Fagin the Thief by Allison Epstein (Doubleday)
I enjoy retellings of classic novels by writers who turn the spotlight on interesting minor characters. This is an excursion into the world of Charles Dickens, told from the perspective iconic thief from Oliver Twist. —CK
Crush by Ada Calhoun (Viking)
Calhoun—the masterful memoirist behind the excellent Also A Poet—makes her first foray into fiction with a debut novel about marriage, sex, heartbreak, all-consuming desire. —SMS
Show Don't Tell by Curtis Sittenfeld (Random House)
Sittenfeld's observations in her writing are always clever, and this second collection of short fiction includes a tale about the main character in Prep, who visits her boarding school decades later for an alumni reunion. —CK
Right-Wing Woman by Andrea Dworkin (Picador)
One in a trio of Dworkin titles being reissued by Picador, this 1983 meditation on women and American conservatism strikes a troublingly resonant chord in the shadow of the recent election, which saw 45% of women vote for Trump. —SMS
The Talent by Daniel D'Addario (Scout)
If your favorite season is awards, the debut novel from D'Addario, chief correspondent at Variety, weaves an awards-season yarn centering on five stars competing for the Best Actress statue at the Oscars.

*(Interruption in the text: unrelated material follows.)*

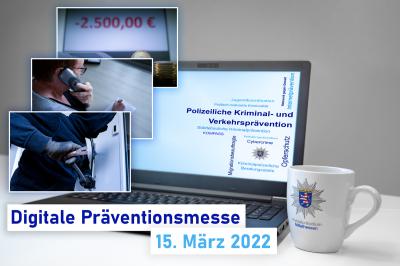Digitale Präventionsmesse am 15.03.2022 - Foto: Polizei Mittelhessen (Bild vergrößern)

If you know who Paloma Diamond is, you'll love this. —SMS
Death Takes Me by Cristina Rivera Garza, tr. Sarah Booker and Robin Myers (Hogarth)
The Pulitzer winner’s latest is about an eponymously named professor who discovers the body of a mutilated man with a bizarre poem left with the body, becoming entwined in the subsequent investigation as more bodies are found. —MJS
The Strange Case of Jane O. by Karen Thompson Walker (Random House)
Jane goes missing after a sudden a debilitating and dreadful wave of symptoms that include hallucinations, amnesia, and premonitions, calling into question the foundations of her life and reality, motherhood and buried trauma. —MJS
Song So Wild and Blue by Paul Lisicky (HarperOne)
If it weren’t Joni Mitchell’s world with all of us just living in it, one might be tempted to say the octagenarian master songstress is having a moment: this memoir of falling for the blue beauty of Mitchell’s work follows two other inventive books about her life and legacy: Ann Powers's Traveling and Henry Alford's I Dream of Joni. —JHM
Mornings Without Mii by Mayumi Inaba, tr. Ginny Tapley (FSG)
A woman writer meditates on solitude, art, and independence alongside her beloved cat in Inaba's modern classic—a book so squarely up my alley I'm somehow embarrassed. —SMS
True Failure by Alex Higley (Coffee House)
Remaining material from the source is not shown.